I am working on the theory of scalable data management. One of my goals is to extend the capabilities of modern data management systems in generic ways to allow them to support novel functionalities that seem hard at first. Examples of such functionalities are managing provenance, trust, explanations, and uncertain or inconsistent data. To support these functionalities, I am interested in understanding the the fundamental algebraic properties that allow algorithms to scale with the size of data by leveraging structure in data: Given a large data or knowledge base, what types of questions can be answered efficiently? And what do we do about those that cannot?
For the hard questions, our work tries to find ways to change the objective in a way that qualitatively preserves the original motivation, yet installs those desirable algebraic properties (something we call ''algebraic cheating'').
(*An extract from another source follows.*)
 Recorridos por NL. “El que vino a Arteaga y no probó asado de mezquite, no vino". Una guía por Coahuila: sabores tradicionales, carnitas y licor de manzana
Our work has shown that approaches that leverage those properties and optimize for the overall end-to-end goal can work with less training data and achieve remarkable speed-ups.
Thanks to NSF for supporting this work under NSF Career Award IIS-1762268 and NSF Award IIS-1956096. Also thanks to our colleagues for selecting our EDBT 2021 paper for the best paper award, our PODS 2021, SIGMOD 2017, VLDB 2015, and WALCOM 2017 papers among "best of conference", and two of our SIGMOD 2020 papers for reproducibility awards.
Our DATA lab is growing and we are actively looking for students with strong foundations in algorithms, theory, discrete math, data management, and machine learning. Please visit our research opportunities and the topics page of my class ``Principles of scalable data management." Notice I am a big fan of Ray Dalio's principles applied to research.I have been working or co-advising a number of students over the years, not always as direct advisor. My current directly advised PhD students are: Nikos Tziavelis, Neha Makhija, and Agapi Rissaki.